28 May 2024 03:12 am Views - 1295
From left: Former CTTA Chairman Anselm Perera, CTTA Chairman Sanjay Herath, PA Secretary-General Lalith Obeyesekere, PA Chairman Senaka Alawattegama, PA Spokesperson Dr. Roshan Rajadurai, PA Media Committee Chair Shanaka Samaradiwakara, All Island Federation of Tea Smallholder Development Societies Chairman Jagath Pathirana
PIX BY KUSHAN PATHIRAJA
The tea industry veterans warned that the Ceylon Tea brand would face irreparable damage in international markets, leading to both decline in auction prices and global market share, if the government forced the plantation companies, including the smallholder sector, to implement the unprecedented 70 percent minimum wage hike arbitrarily.
Speaking at a press conference held in Colombo yesterday, industry veteran and former Colombo Tea Traders Association Chairman Anselm Perera termed the ‘arbitrary and reckless’ wage hike to be the fourth major crisis of the Ceylon Tea industry in post-independent Sri Lanka.
As a result of the decision, Planters Association of Ceylon (PA) Spokesperson Dr. Roshan Rajadurai noted that the cost of production for tea and rubber would rise dramatically, with estimates indicating a minimum 45 percent increase in the cost per kilogramme of tea.
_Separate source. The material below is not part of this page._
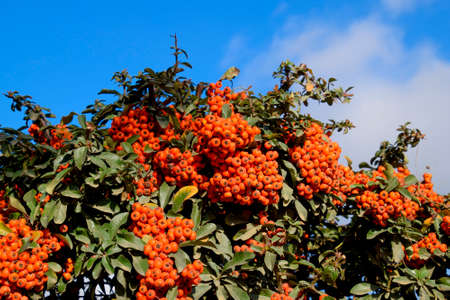 Brush berry. Orange autumn berries of Pyracantha with green leaves on a bush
“This wage hike will place an enormous burden on the Regional Plantation Companies (RPCs), which will face an annual increase in excess of Rs.35 billion, inclusive of the EPF/ETF and gratuity payments,” he said.
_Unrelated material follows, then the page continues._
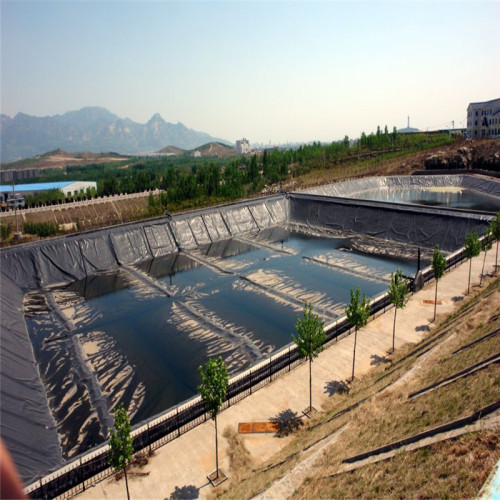 HDPE Prawn Pond Liner Aquaculture Geomembrane 40mils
With this sharp increase of production costs resulting from the wage hike, Perera noted that the planters would be forced to trim the critical and essential expenditure items, which would drastically reduce the quality of Ceylon Tea and consequently causing an irreparable damage to the Ceylon Tea brand globally.
According to him, the exporters have already witnessed a reduction of orders from foreign suppliers, following the wage increase announcement, amidst the concerns on the sustainability of the industry.
“The suppliers are already worried. They know there’s no way we can cut our expenditures to finance this wage hike,” he said.
Ceylon Tea currently enjoys around a US $ 2 premium, due to the high quality associated with its brand name.
Perera recalled that the private sector rescued the dwindling Ceylon Tea brand after taking over the management of the state-owned tea plantations after the disastrous decision to nationalising the plantations. However, he pointed out that the ad hoc decisions to ban the popular weedicide glyphosate and ban on agrochemicals resulted in lasting damages, which the industry is still struggling to recover.
As a result of these policy decisions, Dr. Rajadurai noted that the Ceylon Tea output has come down by around 100,000 million kilogrammes over the past decade.
Perera feared this could result in the demise of the Ceylon Tea brand ultimately.
Meanwhile, All Island Federation of Tea Smallholders Development Societies President Jagath Pathirana noted that the smallholders are already finding it difficult to finance the cost of fertilisers and gradually moving into other crops. Hence, he pointed out that the wage increase could further fuel this trend.
According to Dr. Rajadurai, the RPCs had agreed to increase the minimum wage of the planation workers up to Rs.1380 and to increase over the kilogramme rate by 50 percent, with three rounds of negations held with President Ranil Wickremesinghe. However, the labour unions were adamant on the Rs.1700 living wage and doubling the over kilogramme rate.
The PA stressed that the financial strain is unsustainable and threatens the livelihoods of thousands of workers in the plantation sector.
“We might be able to afford the wage increase for one month but we might not be able to pay it afterwards,” Dr. Rajadurai said.
The PA has long advocated for a shift to a productivity-linked wage model or a revenue share model, which aligns worker compensation with productivity and revenue earned at auction.
“This approach not only incentivises productivity but also ensures a fair and sustainable wage system for workers. Already the workers under revenue share, under the previous wage structure, recorded earnings in excess of the minimum wage that was recently gazetted,” it said.
According to him, 30-40 percent of the RPC tea output comes from its revenue sharing model. As of 2018, some workers even earned up to Rs.90,000 monthly, under this model.
“The current daily attendance-based minimum wage model is outdated and does not reflect the realities of the modern plantation industry. Any disruption to production or quality standards could send shockwaves through export markets, diminishing export revenues and competitiveness,” he said.
The daily plucking average remains at 18 kilogrammes per day, compared to 45-60 kilogrammes in Kenya and 60 kilogrammes in some parts of India.
Over 2.5 million, accounting 10 percent of Sri Lanka’s population, livelihoods are tied to the tea industry.